My paths are different from the usual two-square-wide streets I've seen in most other (dream) towns. Mine are natural looking (at least I think so!) and they meander unpredictably, with lots of turns and twists. There is no precision, but the paths do serve a purpose and lead to the major buildings such as the plaza and town hall.  I think small, winding paths through the trees (most of which are in their original places) give an exploratory, natural feel. I like it this way.


----------



## Gizmodo (Jul 4, 2013)

I want to, but i suck at making patterns


----------



## Chrissy (Jul 4, 2013)

I can only make little things and dresses =P I like my current path too much to alter it. It's unobtrusive but adds to the charm, I think. I think most people here would hate my map since it has the windiest river on the planet. I stuck with it because Re-Tail's close to the shore, so I can make bug or item-selling runs easier. It's in a central location so that's what matters.

Otherwise, one of my paths lead to a very lovely forested section with two face cutout standees and a flower clock. I find it very relaxing. ^^ I should put a nice bench somewhere.


----------



## Chris (Jul 4, 2013)

Nope. I don't lay paths nor do I have any interest in planting flowers.
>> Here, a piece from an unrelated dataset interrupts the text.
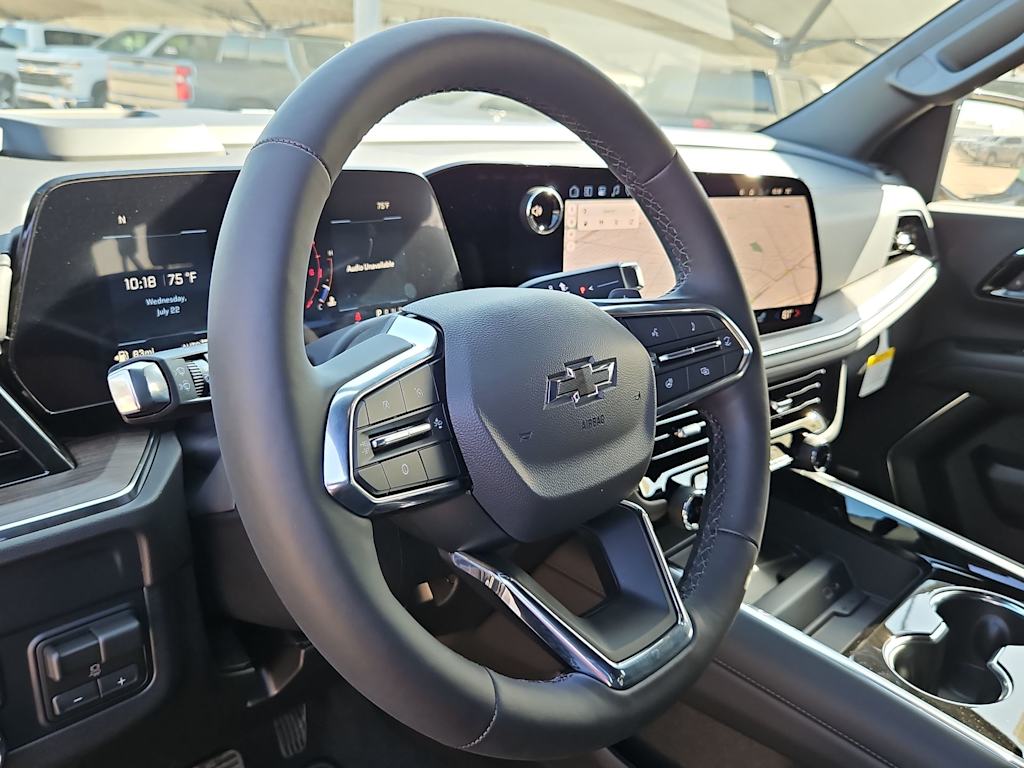 Thumbnail: 2026 Chevrolet Suburban - 9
I've the beautiful town ordinance in place, so the townsfolk take care of that.


----------



## eresin (Jul 4, 2013)

No paths yet but I want to.  Im currently trying to get use of the QR machine on a slave character to hold the pattern.  I'm going for quite a natural looking path though:
http://zombinaandthesodomites2.tumblr.com/post/47436800624/source-this-girl-has-such-a-cute-town-and


----------



## fink (Jul 4, 2013)

eresin said:


> No paths yet but I want to.  Im currently trying to get use of the QR machine on a slave character to hold the pattern.  I'm going for quite a natural looking path though:
> http://zombinaandthesodomites2.tumblr.com/post/47436800624/source-this-girl-has-such-a-cute-town-and



I'm also holding out for the slave character lol. 2 actually ZZZZZ -_-' but I'm almost through it lol.  I'm not 100% sure which pattern im using but i have the part prepared.


----------



## ben_nyc (Jul 4, 2013)

Thanks Campy & Ripley for the explanation!


----------



## StarryACNL (Jul 4, 2013)

I have a path connecting all major places.


----------



## Hazel (Jul 4, 2013)

I never used to put them down in previous games but thanks to QR codes I found some I really like so I made some for the first time. I think I might change them later on though.


----------



## Gizmodo (Jul 4, 2013)

Yay i found a really good one on a tumblr, so im not spending a few hours placing all the pathways!


----------



## Bambi (Jul 4, 2013)

Paths are for losers.

Jk  I am still debating whether or not to lay them. I love the natural look without paths but also like how some paths look. I'm thinking to lay them and then run on them so I can get the dirt paths.


----------



## Kamehime (Jul 4, 2013)

I'm getting my bridges right where I want them still, then I'll work at adding in paths. ^^


----------



## Roknar (Jul 4, 2013)

I have a path throughout my entire town, leading to every landmark along the way. I personally love it and highly recommend it.


----------



## TheMadMonsterr (Jul 4, 2013)

I don't know yet. If I do get paths, I don't want them to stick out too much. I love the simple look of my town :3


----------



## Sour of Abnaxus (Jul 4, 2013)

Mirror said:


> Yes! And I love my path. Rainbow Brick road and flower decorations, it was very fun to make.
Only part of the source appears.